Uno strano e irrilevante documento trecentesco permeato di mistero e fascino
Premetto un’attestazione sulla meticolosità e scrupolosità con cui il mio compianto professore di religione, Don Antonio Chiaverini, canonico della Diocesi di Valva e Sulmona e responsabile dell’Archivio Diocesano, trascrisse e tradusse un manoscritto, come d’altra parte si può rilevare nelle finali delle parole e sillabe mozze. Inoltre tre considerazioni su circostanze avvenute o documentate: 1- un disegno rozzo, trovato nell’Archivio comunale di Cocullo racchiude nei confini del suo territorio l’abbazia di Santo Spirito, mentre non lascia intravvedere l’agglomerato sulmonese; 2- Ovidio da ragazzo frequentava i luoghi che fino agli anni 1940 erano le cosiddette “putéche de ‘Viddie”, fucina delle nenie marse e peligne, e che invece dopo quella data si rivelarono essere stato il monumentale tempio di Ercole Curino; 3- e dentro cui fu trovato il busto del semidio pagano, ultimo staffettista mitologico, che aveva ricevuto il testimone dalla dea Angizia. Il busto era stato donato al tempio sulmonese da un armatore che forse aveva approfittato, dopo qualche esondazione del grande e turbolento lago Fucino, di qualche passaggio che avrebbe favorito anche il viaggio di Ovidio per raggiungere l’Urbe dalla sua terra natia. Il manoscritto è la copia trascritta e tradotta da Don Chiaverini e dovrebbe riguardare l’elenco dei battezzati cocullesi in alcuni mesi degli anni 1340: è noto che allora i cognomi non esistevano. Soltanto i benestanti e i nobili, per ragioni ereditarie, avevano attributi che poi diventarono cognomi (Benincasa, Ognibene, cioè agiatezza o “pax et bonum”). In quel registro, in quegli spezzoni di anni, i battezzati sarebbero oltre duemilaseicento, di cui alcuni si possono ricondurre oggi a personaggi sulmonesi. Poiché avvenne nel 1356 l’avvento degli Ordini Minori Francescani, sia al priorato di Montecassino che nel Vescovado di Sulmona e poiché nel 1392 i Benedettini della grangia casalana spostarono le reliquie di San Domenico nella chiesa di Sant’Amico di Cocullo e poiché, secondo me, nel 1311 gli Ordini Minori dei Francescani si erano staccati dai Conventuali per seguire le prescrizioni principali di San Francesco (povertà, ecc.) e una parte di loro si unì addirittura ai Celestini (Pauperes Fratres Domini Caelestini), argomento che si acuì allora la lotta fratricida sullo spiritualismo negli agglomerati più vicini alla casa madre di San Celestino.
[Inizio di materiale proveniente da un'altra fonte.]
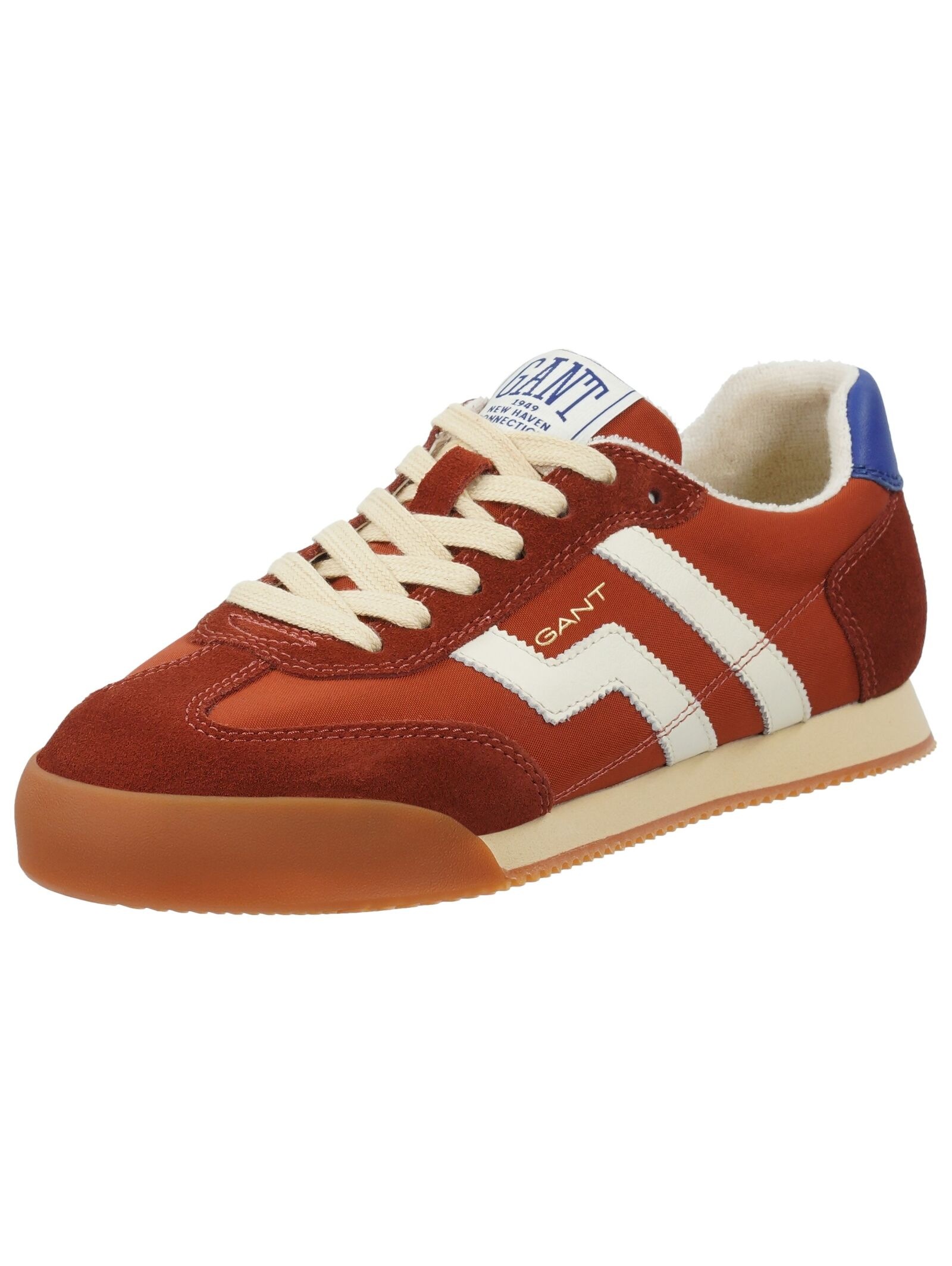 Gant Sneaker "Gant Sneaker Nubukleder/Textil"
Alcuni decenni orsono appresi da un atto dello stato civile del Comune di Tossicia (TE) che un mio compaesano, attorno alla metà del 1700, si andò a sposare in quel paese la notte di Natale provenendo da “Cocullo Maggiore”. Da questo si può arguire che allora esisteva un agglomerato più piccolo che poteva essere nominato “Cocullo Minore”. Infatti sul colle più alto prospiciente quello su cui si aggrappa l’attuale centro storico vi era un agglomerato di costruzioni, in parte ristrutturate in pagliai, alcune poi adibite ad abitazioni che, al pari di Cocullo Maggiore, sono un esempio classico di centro fortificato (cunicoli, passaggi segreti, entrate plurime nelle abitazioni): la teoria di case sale dalla piazza della Madonna per via Canale fino alle ultime abitazioni, ripiegando poi in una viuzza parallela a via Canale che conduce all’ “ara di Speranza” scendendo poi a sinistra, fra altri ruderi forniti di pergolati sulle facciate ed anch’essi probabilmente forniti di doppi accessi, sia sulla via del piccolo dirupo sottostante e sul viottolo ora sconnesso, che si chiamava “Via del Calvario” prima che lo ostruisse la terra di riporto forse del tunnel ferroviario sottostante. Perché il documento è molto strano? Sulmona era almeno un paesotto 1300 anni prima della compilazione del disegno che sembra una carta topografica del conflitto che in un territorio ristretto culminò tra Francescani Spirituali e Celestini dall’altra.
E in definitiva c’è una relazione fra il disegno e la compilazione di questo documento?